Re: [PATCH v3 1/2] vfs: add rcu-based find_inode variants for iget ops

From: Jan Kara
Date: Tue Jun 11 2024 - 06:50:29 EST


On Tue 11-06-24 12:16:31, Mateusz Guzik wrote:
> Instantiating a new inode normally takes the global inode hash lock
> twice:
> 1. once to check if it happens to already be present
> 2. once to add it to the hash
>
> The back-to-back lock/unlock pattern is known to degrade performance
> significantly, which is further exacerbated if the hash is heavily
> populated (long chains to walk, extending hold time). Arguably hash
> sizing and hashing algo need to be revisited, but that's beyond the
> scope of this patch.
>
> A long term fix would introduce finer-grained locking. An attempt was
> made several times, most recently in [1], but the effort appears
> stalled.
>
> A simpler idea which solves majority of the problem and which may be
> good enough for the time being is to use RCU for the initial lookup.
> Basic RCU support is already present in the hash. This being a temporary
> measure I tried to keep the change as small as possible.
>
> iget_locked consumers (notably ext4) get away without any changes
> because inode comparison method is built-in.
>
> iget5_locked and ilookup5_nowait consumers pass a custom callback. Since
> removal of locking adds more problems (inode can be changing) it's not
> safe to assume all filesystems happen to cope. Thus iget5_locked_rcu,
> ilookup5_rcu and ilookup5_nowait_rcu get added, requiring manual
> conversion.
>
> In order to reduce code duplication find_inode and find_inode_fast grow
> an argument indicating whether inode hash lock is held, which is passed
> down should sleeping be necessary. They always rcu_read_lock, which is
> redundant but harmless. Doing it conditionally reduces readability for
> no real gain that I can see. RCU-alike restrictions were already put on
> callbacks due to the hash spinlock being held.
>
> There is a real cache-busting workload scanning millions of files in
> parallel (it's a backup server thing), where the initial lookup is
> guaranteed to fail resulting in the 2 lock acquires.
>
> Implemented below is a synthehic benchmark which provides the same
> behavior. [I shall note the workload is not running on Linux, instead it
> was causing trouble elsewhere.
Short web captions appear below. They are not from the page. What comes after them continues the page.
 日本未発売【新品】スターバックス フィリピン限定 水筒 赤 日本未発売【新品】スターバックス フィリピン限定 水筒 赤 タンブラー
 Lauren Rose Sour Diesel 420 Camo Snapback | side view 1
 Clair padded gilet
Benchmark below was used while addressing
> said problems and was found to adequately represent the real workload.]
>
> Total real time fluctuates by 1-2s.
>
> With 20 threads each walking a dedicated 1000 dirs * 1000 files
> directory tree to stat(2) on a 32 core + 24GB RAM vm:
>
> ext4 (needed mkfs.ext4 -N 24000000):
> before: 3.77s user 890.90s system 1939% cpu 46.118 total
> after: 3.24s user 397.73s system 1858% cpu 21.581 total (-53%)
>
> Benchmark can be found here: https://people.freebsd.org/~mjg/fstree.tgz
>
> [1] https://lore.kernel.org/all/20231206060629.2827226-1-david@xxxxxxxxxxxxx/
>
> Signed-off-by: Mateusz Guzik <mjguzik@xxxxxxxxx>

Nice speedups and the patch looks good to me. It would be lovely to get
Dave's speedups finished but this is already nice. I've found just two nits:

> +/**
> + * ilookup5 - search for an inode in the inode cache
^^^ ilookup5_rcu

> + * @sb: super block of file system to search
> + * @hashval: hash value (usually inode number) to search for
> + * @test: callback used for comparisons between inodes
> + * @data: opaque data pointer to pass to @test
> + *
> + * This is equivalent to ilookup5, except the @test callback must
> + * tolerate the inode not being stable, including being mid-teardown.
> + */
...
> +struct inode *ilookup5_nowait_rcu(struct super_block *sb, unsigned long hashval,
> + int (*test)(struct inode *, void *), void *data);

I'd prefer wrapping the above so that it fits into 80 columns.

Otherwise feel free to add:

Reviewed-by: Jan Kara <jack@xxxxxxx>

Honza
--
Jan Kara <jack@xxxxxxxx>
SUSE Labs, CR